Minimal Working Example
The simplest valid bucket creation — a single text property:
curl -sS -X POST "$MP_API_URL/v1/buckets" \
-H "Authorization: Bearer $MP_API_KEY" \
-H "X-Namespace: $MP_NAMESPACE" \
-H "Content-Type: application/json" \
-d '{
"bucket_name": "my-bucket",
"bucket_schema": {
"properties": {
"content": { "type": "text", "required": true }
}
}
}'
Full Example
curl -sS -X POST "$MP_API_URL/v1/buckets" \
-H "Authorization: Bearer $MP_API_KEY" \
-H "X-Namespace: $MP_NAMESPACE" \
-H "Content-Type: application/json" \
-d '{
"bucket_name": "product-catalog",
"description": "E-commerce product data",
"bucket_schema": {
"properties": {
"product_text": { "type": "text", "required": true },
"hero_image": { "type": "image" },
"spec_sheet": { "type": "json" }
}
}
}'
Response fields:
bucket_id
schema with validation metadata
object_count
created_at
Bucket Schema
- Uses a lightweight JSON schema subset (type, required, enum, description).
- Validates each object’s blobs before storing metadata.
- Helps collections map input fields to feature extractor targets.
Example schema fragment:
{
"properties": {
"transcript": {
"type": "text",
"description": "Full podcast transcript",
"required": true
},
"audio_file": {
"type": "audio",
"required": true
}
}
}
Manage Buckets
- Get bucket –
GET /v1/buckets/{bucket_id}
- List buckets –
POST /v1/buckets/list (supports filters, sort, pagination)
- Delete bucket –
DELETE /v1/buckets/{bucket_id} (removes objects and blobs)

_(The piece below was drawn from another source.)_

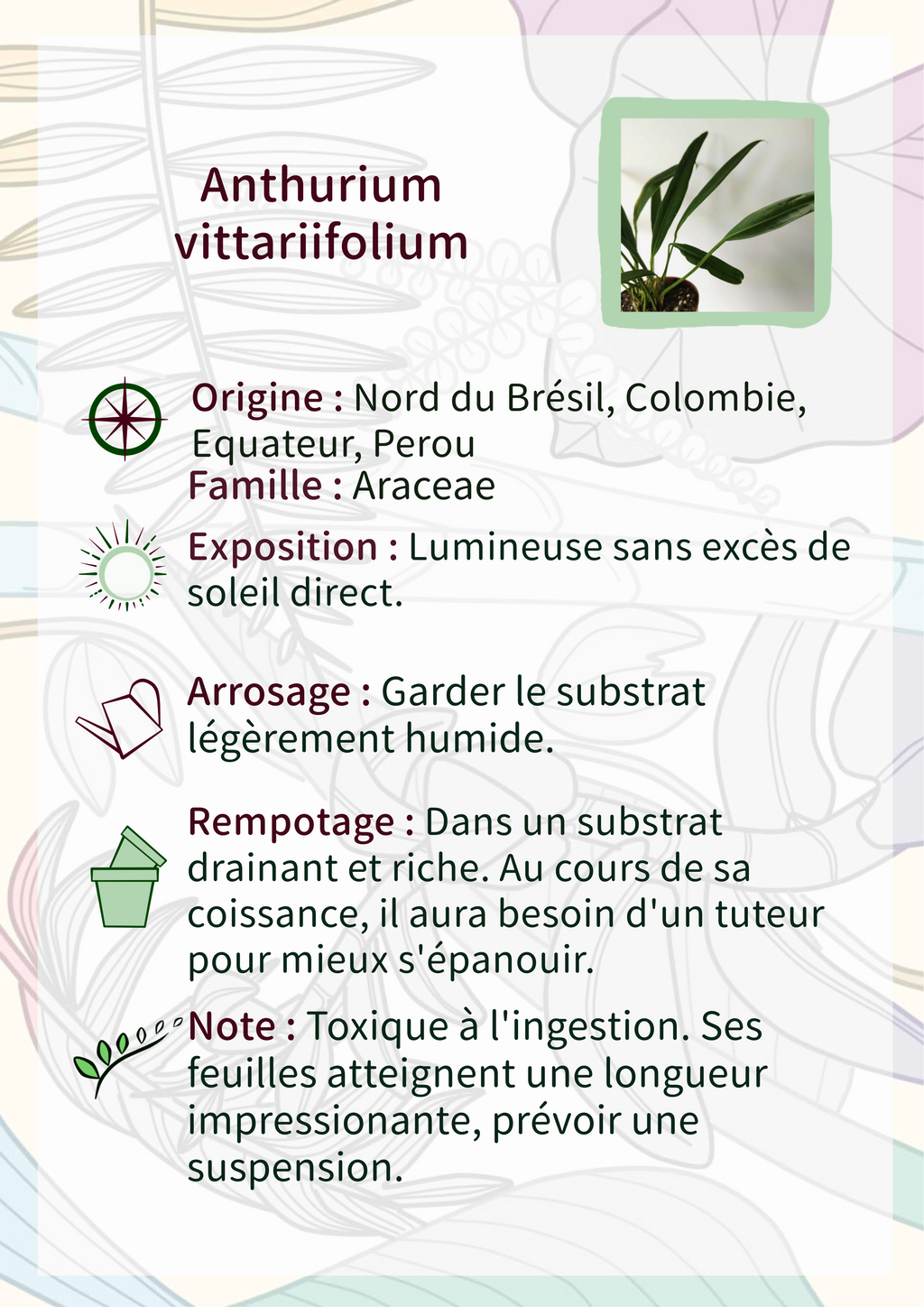 Anthurium vittariifolium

Buckets are strictly namespace-scoped: the same bucket name can exist in different namespaces without conflict.
Bucket vs Collection
| Aspect | Bucket | Collection |
|---|
| Purpose | Raw input registry | Processed documents + features |
| Schema | Blob validation | Output schema (deterministic) |
| Storage | MongoDB (metadata) + S3 (blobs) | MongoDB (metadata) + MVS (vectors/payloads) |
| Processing | None | Runs feature extractors via Engine |
Best Practices
- One bucket per data domain (products, support tickets, surveillance footage).

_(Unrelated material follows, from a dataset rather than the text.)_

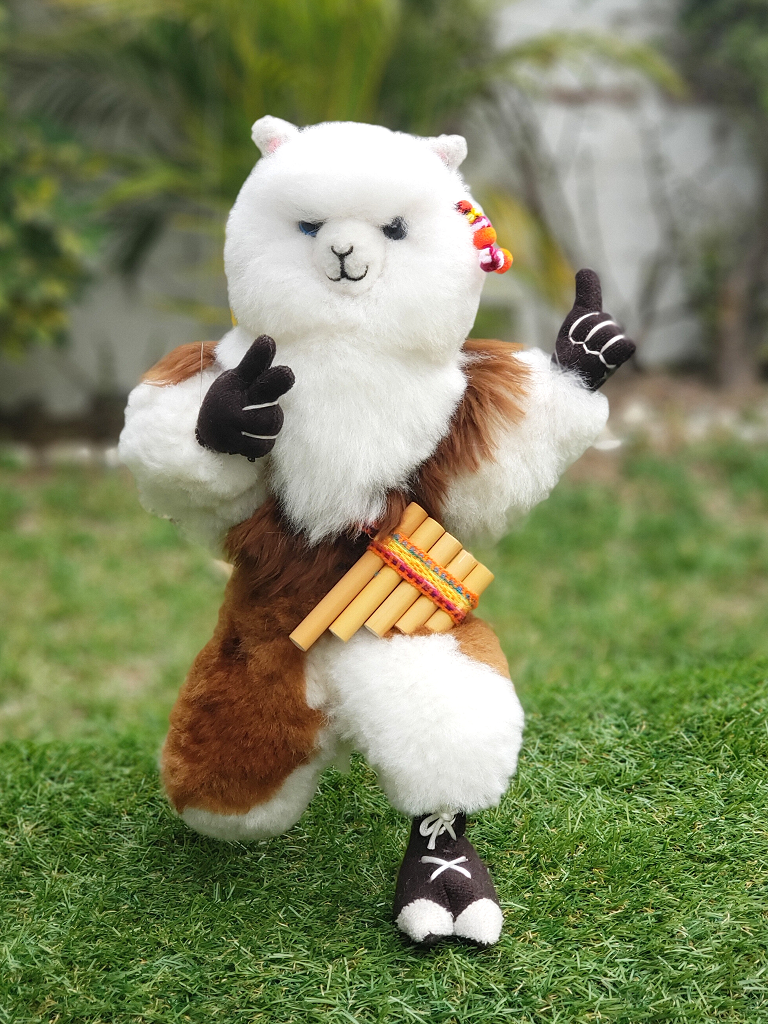 Alpacholo_natural_pechopeludo (1).png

- Keep schemas coarse; collections can slice the data differently downstream.
- Use
key_prefix in objects to group files (e.g., /2025/01/).
- Leverage metadata for later filtering (set tags at ingestion time).
Buckets give you a reliable staging area for multimodal data—clean separation before you branch into multiple collection-specific processing pipelines.